Task item ::
Apart from the pictures, every line below is to be set down exactly.

Captioned web image data:

+ + + + +

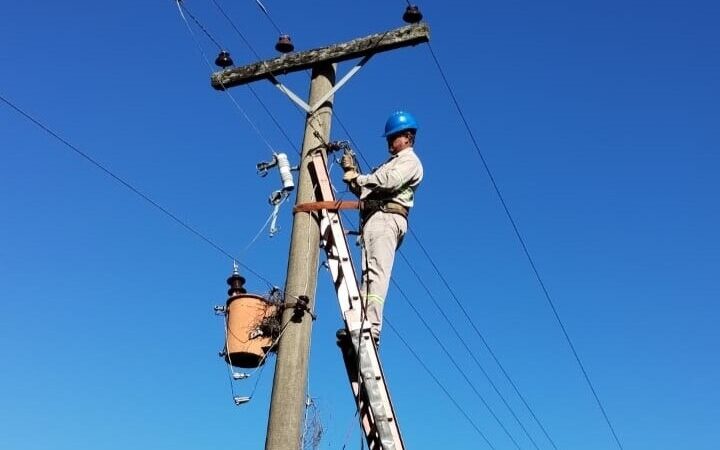 REFSA informó cortes en Ingeniero Juárez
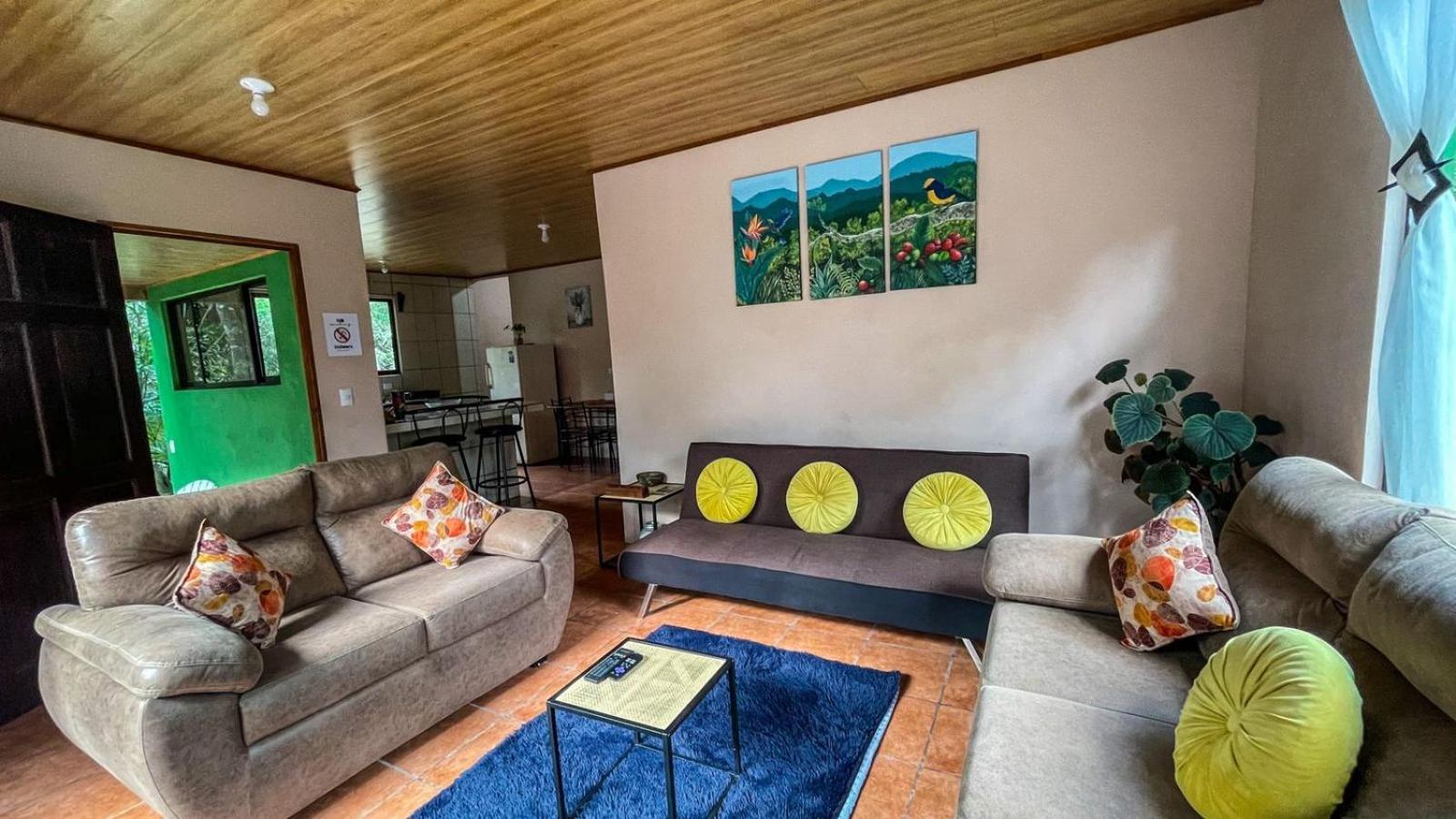 Casa Euphonia Monteverde Extérieur photo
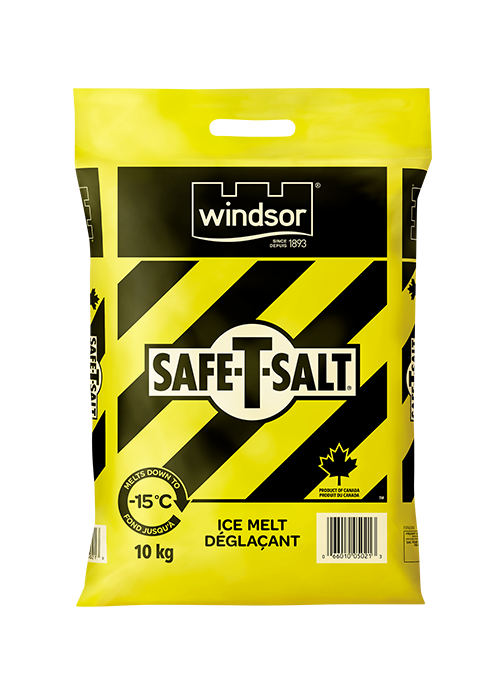 Windsor Safe - T - Salt 10kg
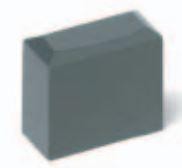 Фото 1/2 PEBK, Switch Access Rectangular Button Key Switch Automotive Bulk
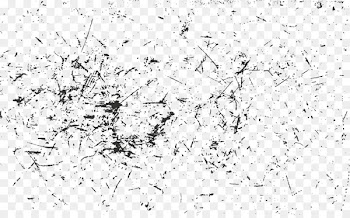 Black and white - Black and white scratches 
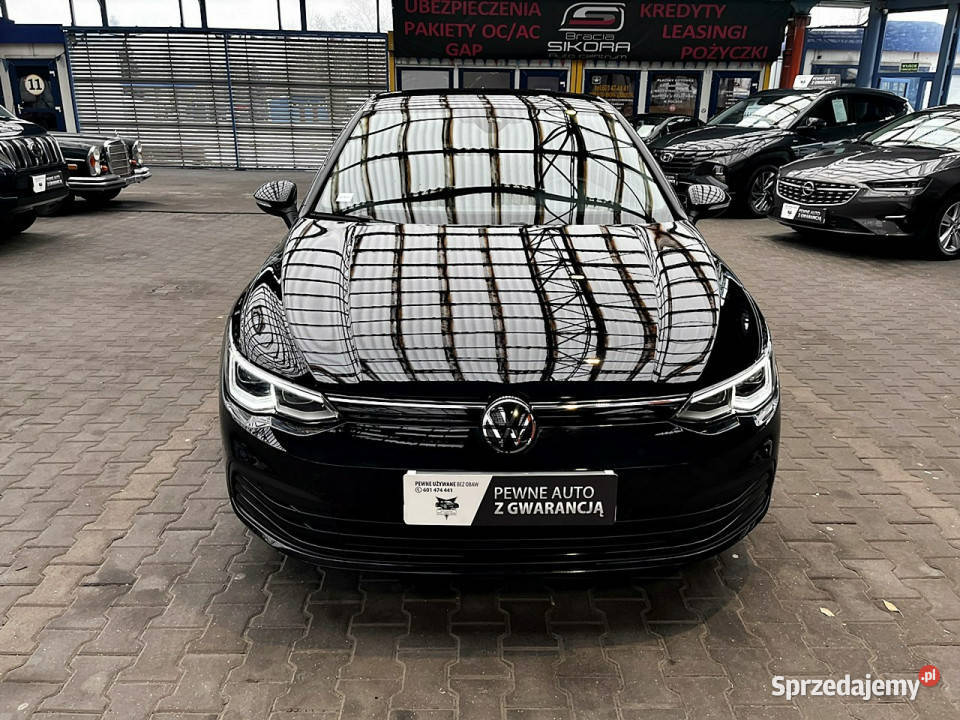 Volkswagen Golf 15 AUTOMATACCLedNaviKamera gniazdo AUX sprzedam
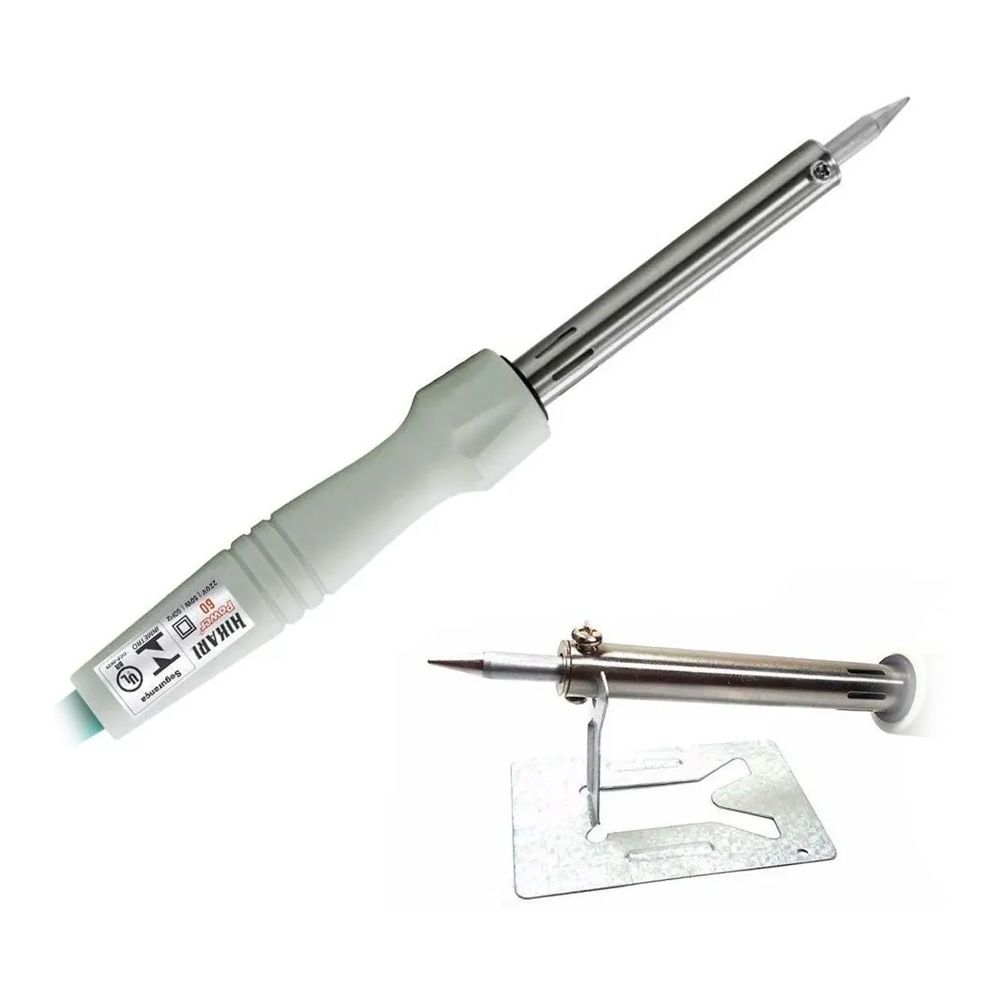 Ferro de Solda Profissional Hikari Power 60 21K405 - 220V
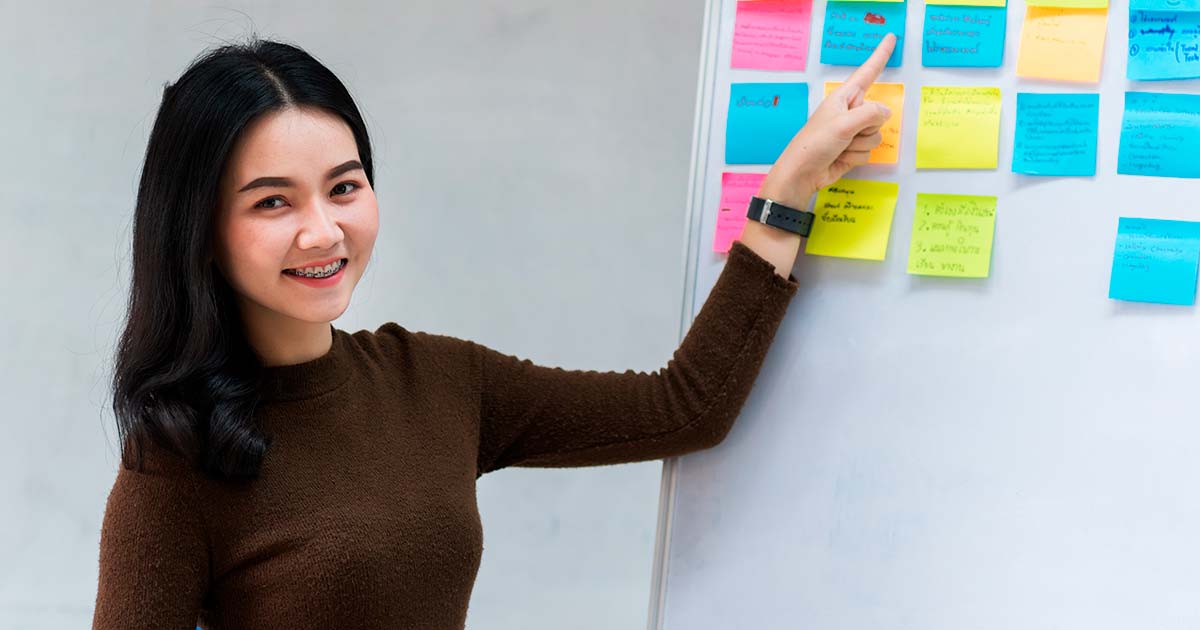 ¿Cómo darle estructura a un curso por dictar?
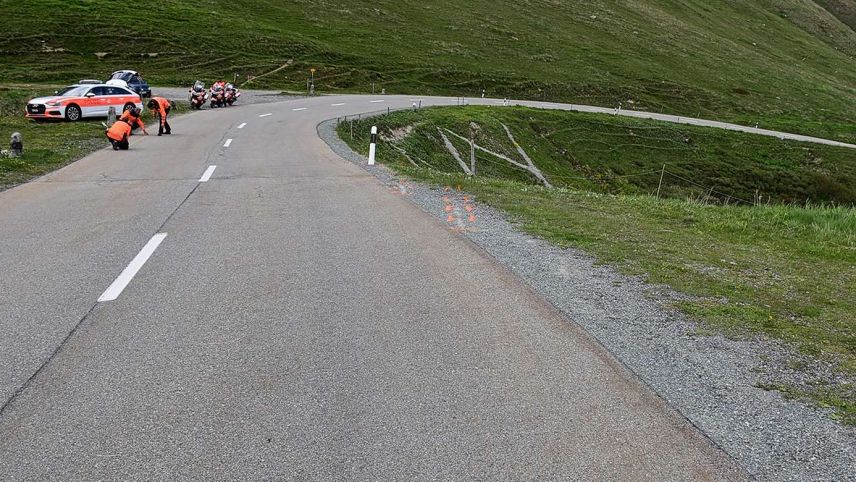 Foto: Kantonspolizei Graubünden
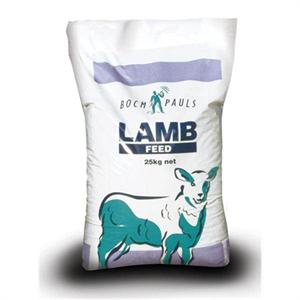 FORFARMERS EWBOL PRESTIGE LAMB PELLETS 25KGS Image 1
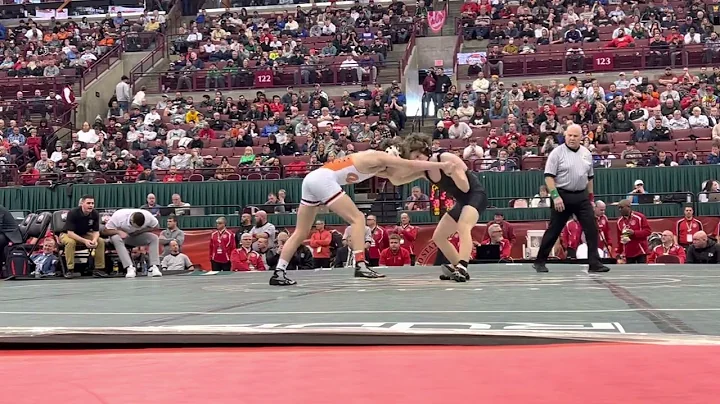 126 D2 Final, Bryce Skinner, Akron SVSM vs Matt El...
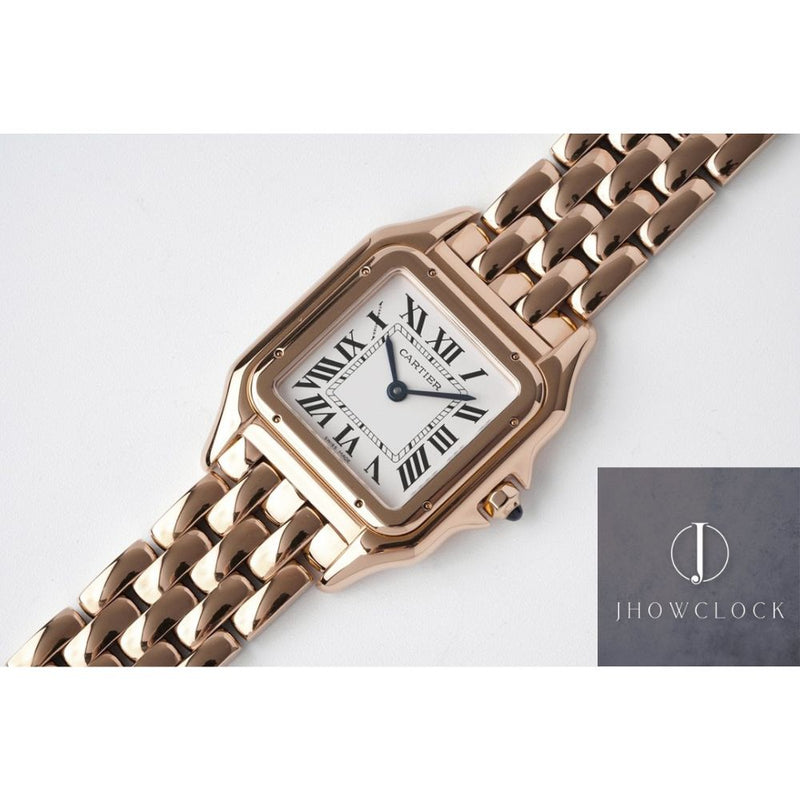 Fábrica BV - Panthere De Cartier WGPN0006  22MM
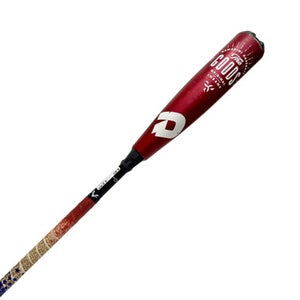 Used Demarini THE GOODS INSANE GBZS-21 USSSA 2 3/4" Bat 30" -10 Drop 11506-S000283581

+ + + + +

Reply to the exercise ::
 REFSA informó cortes en Ingeniero Juárez
 Casa Euphonia Monteverde Extérieur photo
 Windsor Safe - T - Salt 10kg
 Фото 1/2 PEBK, Switch Access Rectangular Button Key Switch Automotive Bulk
 Black and white - Black and white scratches 
 Volkswagen Golf 15 AUTOMATACCLedNaviKamera gniazdo AUX sprzedam
 Ferro de Solda Profissional Hikari Power 60 21K405 - 220V
 ¿Cómo darle estructura a un curso por dictar?
 Foto: Kantonspolizei Graubünden
 FORFARMERS EWBOL PRESTIGE LAMB PELLETS 25KGS Image 1
 126 D2 Final, Bryce Skinner, Akron SVSM vs Matt El...
 Fábrica BV - Panthere De Cartier WGPN0006  22MM
 Used Demarini THE GOODS INSANE GBZS-21 USSSA 2 3/4" Bat 30" -10 Drop 11506-S000283581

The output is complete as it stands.